From the web report:
"AMAZON EFFICIENCY STUDY: NO MEANINGFUL IMPROVEMENTS As regular readers know, we have been monitoring Amazon.com's fulfillment performance to help us answer the Amazon Conundrum: Can "Earth's Biggest Selection" translate into long-term profits? In the second phase of our study, we continue to see the need for improvement in critical operations of the Web's largest retailer. We believe our findings lend credence to our concerns that Amazon's huge product assortment coupled with its dispersed distribution network makes it very difficult for it to optimize inventory loads. The results also confirm our concerns about Amazon's promotional strategy: By trying to drive larger, multicategory orders (the subject of our study), Amazon could be sacrificing fulfillment efficiency for top-line performance.
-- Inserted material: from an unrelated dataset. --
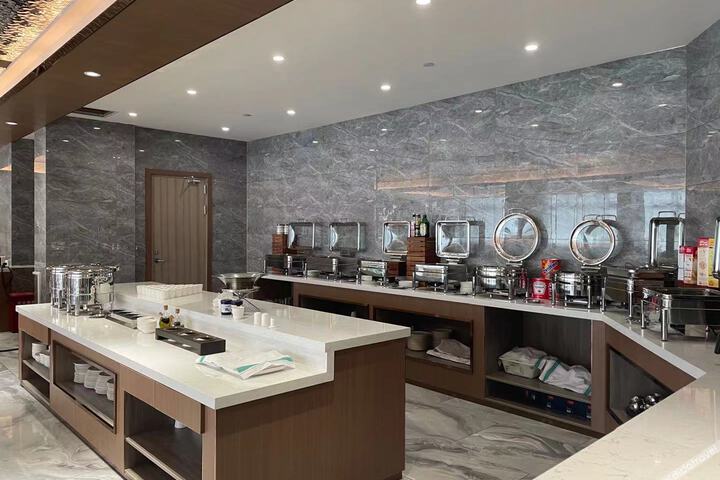 Kemperley Garden Hotel (Boro Luofushan)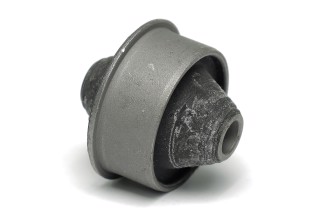 Сайлентблок важеля передня вісь Toyota Yaris 99-05 (вир-во CTR)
While the overall customer experience was still great, results from Phase 2 show increased split shipments (a single order shipped in multiple packages, with customers charged for only one) and long-haul shipments (packages not shipped from the closest distribution center). During Phase 2 we also expanded the scope of our study from large (eight or nine items) orders for West Coast delivery to include smaller "gift" orders and those made to East Coast destinations. To our surprise, Amazon was less efficient on an item-per-shipment basis at fulfilling the smaller orders, but realized slightly positive shipping margins, according to our estimates (compared to negative shipping margins on larger orders). Both our East and West Coast orders included numerous split shipments. However, a higher percentage of our West Coast orders were sent via long hauls, or from more distant distribution centers. All that said, we still expect Amazon to meet its Q4 targets, but we recommend that investors look beyond Q4 results for indications of Amazon's ability to achieve sustainable long-term profits.
WILL AMAZON'S DELIGHT-O-METER DELIGHT INVESTORS? Speaking of Amazon's top line, a new site feature called the "Delight-O-Meter" promises to be an interesting item for investors this holiday season. The D.O.M. tracks in real time the number of items sold on Amazon's site since November 2. While more relevant than the ubiquitous weekly usage statistics, we question how effective the D.O.M. can be as an indicator of total Q4 revenue. For example, while Amazon provides the selling prices of the top-selling items in each product category, it provides no insight into the cross-category product mix. As a result, it is difficult to estimate the average revenue associated with each uptick of the D.O.M. Investors should note that Amazon's core businesses of books, music and videos, which we expect to account for roughly 60% of Q4 revenue, currently has an average selling price of only $18.62, well below the ASPs for most other categories.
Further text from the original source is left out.